Book Review: Take a Larger Way: Reflections of a Dementia Caregiver
by Jay Brenneman
I’ve posted twice before about my friends Jay and Janene, including Jay’s own reflections on his journey into grief. You can read them here and here.
In Take a Larger Way, Jay pulls together his meditations on his experiences of loss and confusion into a book of reflections charting his and Janene’s journeys, one into wounded caregiving and the other into suffering darkness. Jay tells his story well, describing the rich and rewarding life he and his wife shared, with a past rooted in family goodness, a treasury of love in their daughters, and the hope of golden years. Then, quite abruptly, that rich and rewarding life seemed over. Janene’s verbal lapses, odd forgetfulness, and personality shifts all began to add up to a devastating diagnosis.
In Take a Larger Way, Jay tells the good stories—vignettes from their past and unexpected glimpses of mercy, even in the raw suffering, that sustained faith. The story about her daughter’s touch and soft repetition of “Mama, Mama” opens up possibilities—“scientifically and neurologically impossible” possibilities—of experiencing grace when all the doors of grace seemed slammed shut.

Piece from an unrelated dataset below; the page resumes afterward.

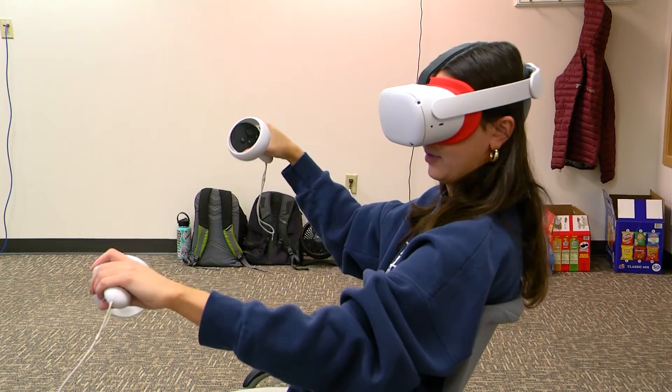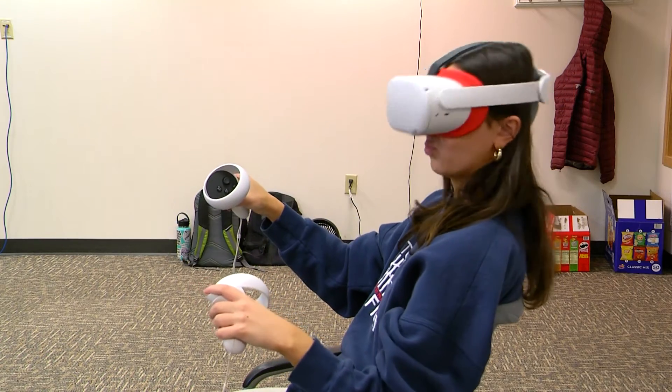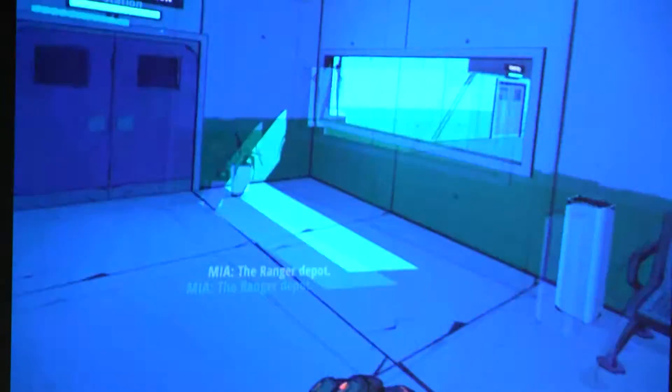One of the biggest ways we've been able to show mitigation techniques for cyber sickness is to include more body cues in the virtual experience. If you're able to integrate more and physically move around the space, it's going to incorporate a lot more of those body cues and help reduce sickness.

He also tells the bad stories—stories about his own spiritual and relational disorientation, loss, gloom, shock, and grief at the letting go of expectations and plans and dreams. He tells the bad stories about Janene’s fall from the peaks of achievement and talent and vigor and joy into the darkness of forgetfulness and lethargy. Anyone who has cared for someone they love who is seriously ill, who is slipping away from them day by day, will understand these good stories and bad stories. They weave in and out of one another with just enough exquisite pain and love to keep us tracing them over in our minds, wondering that so much love can be so very painful.

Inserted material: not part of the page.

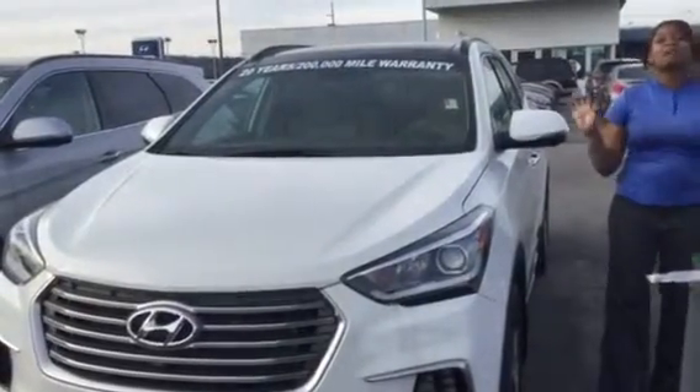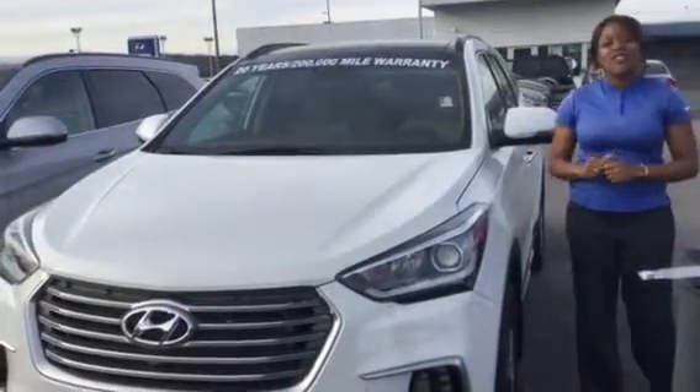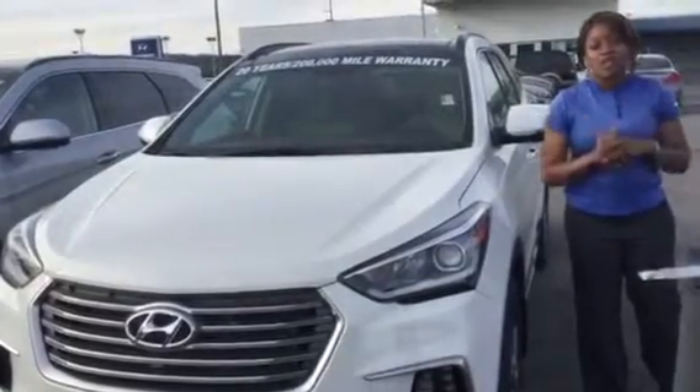Hi, it's Christina here at Tamron Hyundai and Hoover. I am super excited you inquired about the Santa Fe. I happen to have one right here and would love to show it to you.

Jay also probes, gently, the spiritual ramifications of apparently random suffering. If, indeed, we live in a world where the supernatural is real and present, what does that mean for our long journeys of suffering? What? No magic wands? Rather, Jay suggests, we should be weighing the likelihood that our journeys themselves are paths of holiness, sometimes shadowed so deeply that they seem to lead to death, but still the path of accompanying angels.

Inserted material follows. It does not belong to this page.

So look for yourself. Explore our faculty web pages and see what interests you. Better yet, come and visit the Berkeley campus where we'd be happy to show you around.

Jay closes his book with a remarkable story about some of Janene’s last words to him, words that, again, are logically quite unlikely, perhaps impossible. Long after she had lost most language abilities, she gave to him one last message from her heart. That message launched Jay into a deeper, fuller “spiritual awakening,” a new vista both for their relationship of loss and grief and his own journey forward.
That message was rich and beautiful and evocative, and while Jay’s interpretation of her words is surely a true one, perhaps there is another that is equally true. Perhaps with those few words, she gave him, and us, the readers, a glimpse into her own experience. For, you see, I came away from the book wondering about Janene’s experience.
We accompany Jay, and we can relate to his raw emotions and honest explorations, but Janene too is on a journey. Of course, we know her disease has ravaged her, saturating her mind and body with intense suffering, but perhaps that “larger way” she speaks to him is a word to us all about how we should view ourselves, our experiences, and our God. He is larger, always larger—greater, wiser, more compassionate and more tender than anything we have yet conceived of. She, too, even in her darkness, may be experiencing a path of holiness, glimpses of glory, and new vistas of grace. She too is on a larger way. I rather hope so.